I was genuinely excited to read Andy Weir’s highly-acclaimed Project Hail Mary, hoping for inspiration on improving the writing, structure and marketability of my own speculative work, The Cx Trilogy.

My positive outlook waned after a few pages. It wasn’t just the undeveloped writing nor the caricatured characters – much of which seem at first draft level – but more the lack of an engaging narrative. While the premise was compelling – why is the sun getting dimmer and how can this be stopped? – there was little development of the protagonist and his journey beyond a barrage of scientific details.

I’ll cite examples to mitigate your opinon of me as a bitter unpublished author. Below that is the room I woke up in. The one with my dead friends. I sniffle and wipe a tear away. Initially, I thought this was intended as sarcasm, but I soon realized that this was a genuine expression of Ryland Grace’s emotion.
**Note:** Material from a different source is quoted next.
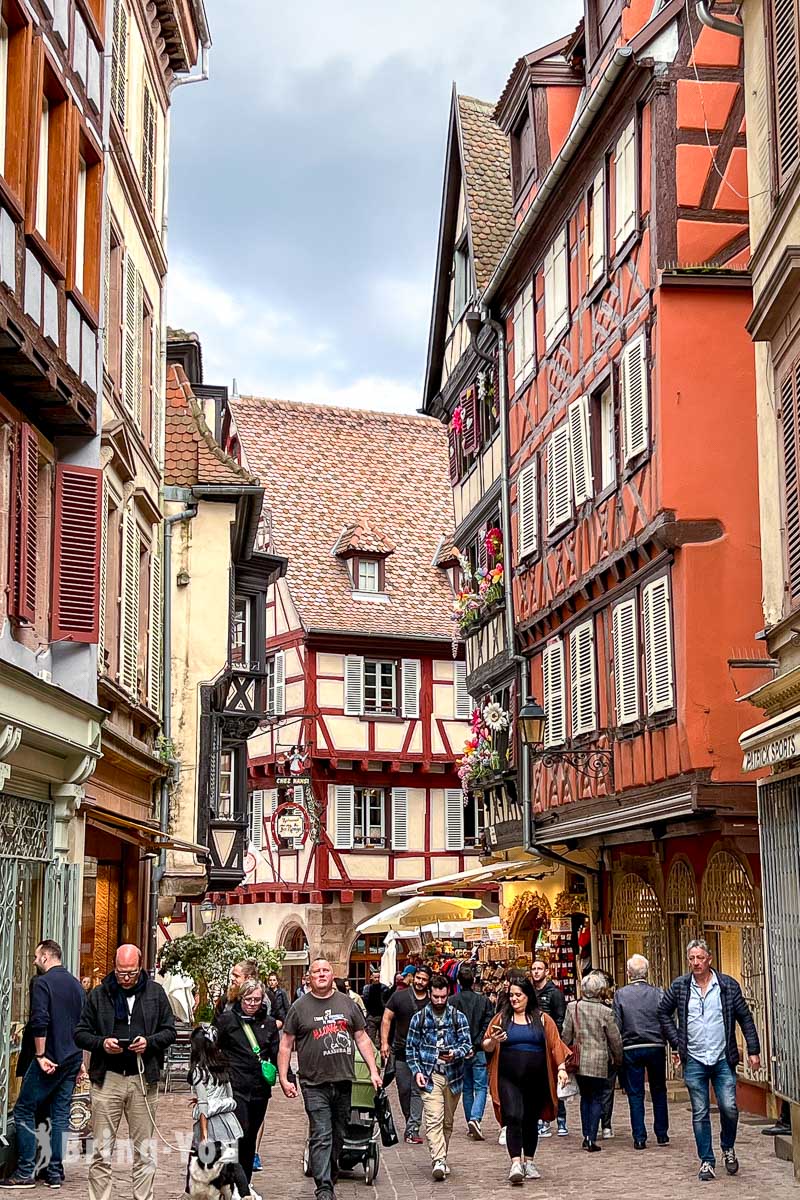 Colmar 科爾⾺景點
Each of them kind of look like a beetle. Each beetle has a name up top: “John”, “Paul”, “George” and “Ringo”. I’m on a suicide mission. John, Paul, George and Ringo get to go home, but my long and winding road ends here. This sense of humor permeates the book.
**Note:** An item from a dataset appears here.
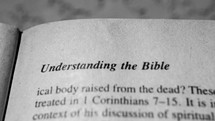Understanding the Bible 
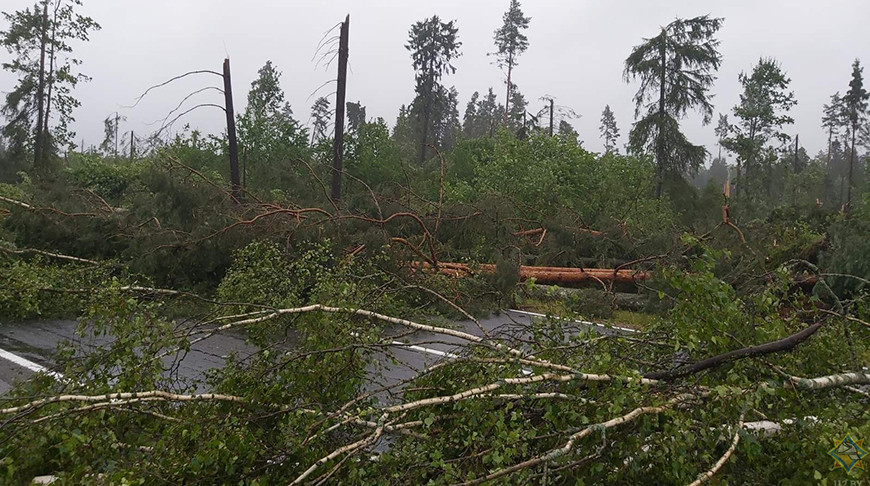 В Витебской области из-за непогоды зафиксировано 45 случаев падения деревьев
My students didn’t swear at me. Their squabbles were usually resolved within a few minutes, either by a teacher-enforced handshake or detention. And somewhat selfish but here it is: They looked up to me. I missed that respect. Mr. Weir has clearly never spent a day as a teacher in his life.

I could go on, but why bury myself even deeper? Mr. Weir has achieved incredible commercial success and knows how to market his work, while I’m an unpublished failure who teaches high school…which is what makes this difficult to process.

I genuinely cannot understand what it is about Mr. Weir’s work that is compelling to such a large audience. And what it is about my own writing that seems destined to never get beyond the literary agent’s automatic reply: Unfortunately, your project does not sound like a fit for me at this time, and so I will have to pass. Boo hoo. Poor me.

My Bad Chance

A number of years back, an influential agent took interest in novel, My Bad Side. He had his reader review the opening 50 pages and gave me advice on changes to make, which I did. I received a follow-up on moving the back story to a later stage. I questioned this idea, explaining the benefit of where it was. That was it. I was out.

A year or so later, I pitched him my new book, Anori. “Not for me.” The one time an agent had taken an interest in my work, a one-night stand as it was, I hadn’t done as I was told and was cancelled. I’ve thought back to this moment often and wondered what might have happened if I had complied. What success would I have reaped? If only, if only…

Today, hundreds of indifferent rejection emails later, I feel something coming, some long-awaited breakthrough, not with them as much as me. I’ve made it somewhere, not a revelation as much as a state of mind, I suppose. Probably the booze but more of a clean sure hike up, getting to where I can see where I am. Which is here. Nowhere else but that.

My latest opus, The Vanishing Pill, will be ready in the spring.